Sunday, January 16, 2011

Inspired by Chiddy Bang’s Opposite Adults.

I Once was A kid

All I had was a dream

Reality snatched time it seems

Away with all the other kids

Eaten bit by bit to pieces

By hopes of tomorrow

Now I’m grown

And all I want to scream

To the walls of own inflicted asylum is

If I could do it again:

I’m

Never

Growing

Up.



Ade-Unuigbe

Tuesday, January 11, 2011

Musings On A Random Tuesday Night!

Musings on a Random Tuesday night!

So I just learnt, from a very reliable and trust-worthy source, that a boy could practically fake a whole relationship. Unbelievable wickedness. This has only further enhanced my cynicism towards relationships.

Okay, to be honest I have never been really cynical towards boys, relationships or love.
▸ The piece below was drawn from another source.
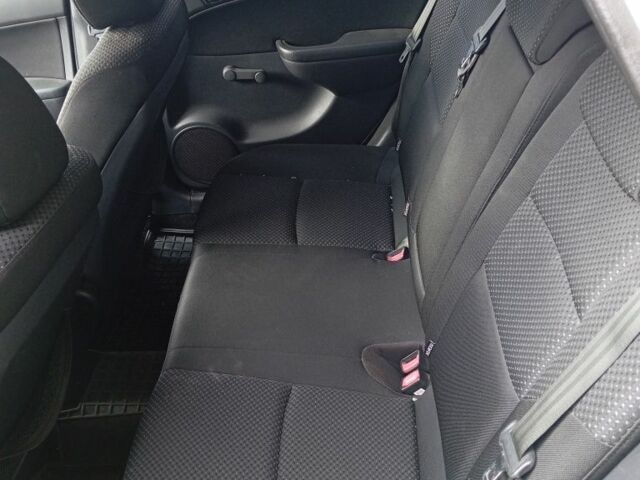 Белый Хендай i30, объемом двигателя 1.6 л и пробегом 330 тыс. км за 3500 $, фото 9 на Automoto.ua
To be brutally honest I am what you can practically call a “love slut”. What this means is that I love love, and everything that has to do with it. I love being loved, being in love, being a victim of love. Honestly if you see how many poems I have written about love, heartbreaks and what-not, then you would be on the same page with me.
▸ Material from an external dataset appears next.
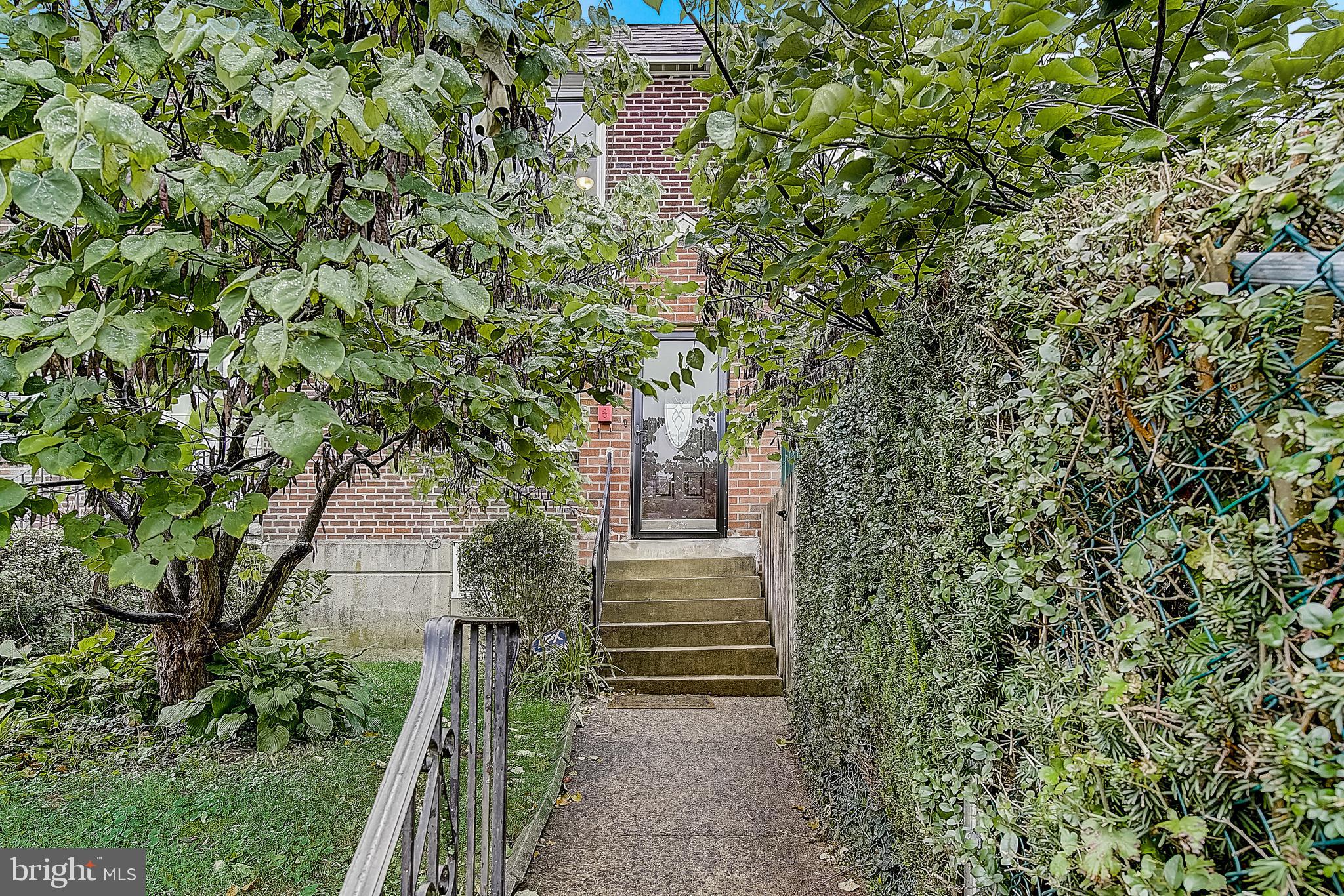 1644 Ashurst Road Philadelphia, PA 19151 - Photo 3 of 40 Gallery Image 3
I recently told a friend (name with-held) that I actually don’t mind heart-breaks. You see, I am so badly into the idea and concept of love that I don’t mind experiencing every bit of it, even the bits that people run blindly away from; the heart wrenching ones, the ones that seem to tear you up so much inside that you feel like you will surely be damaged forever, love that has been empowered to give you permanent ulcer attack.

Honestly!

Honestly, I am what you can call irrational when you talk about love. You see, I have never ever learnt how to love half-halfheartedly. My friend(name with-held again) has one boyfriend in CU, one in Babcock, One in the obodo, and one that even has a son. Another friend(no I won’t say her name) has one really hot boyfriend, one that is constantly on her P, and one that is the son of a big time person(name with-held ;p). However, none of these friends have ever rubbed off on me.
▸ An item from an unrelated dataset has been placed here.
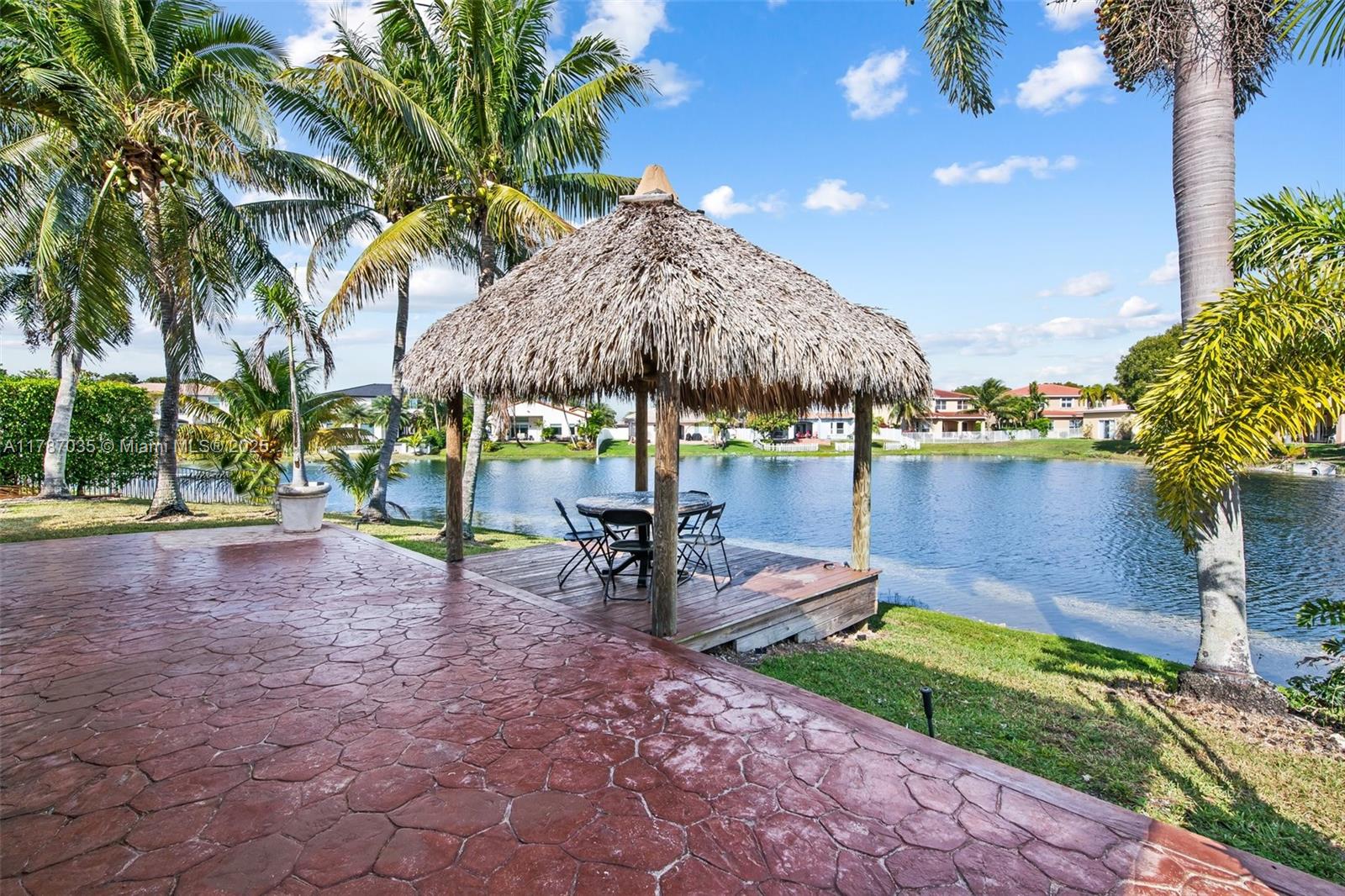 POD 3 AT MONARCH LAKES - Residential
Okay okay, I would be obviously lying if I say that I haven’t dangled or been interested in two or more boys at a time(guilty) but the difference between me and these girls is that once a boy makes it official, I am his, only, period. I have never learnt how to love more than one person at a time because when I do love, that love is so pure, so unconditional, so sincere, and so total that I fear for the safety of the boy self. (Who has the strength to do that for two people at a time?) For instance, my 5-naira boy that I loved till so many many chances seemed to make him become too self-assure, or my first love that I gave everything to: body, soul, and spirit.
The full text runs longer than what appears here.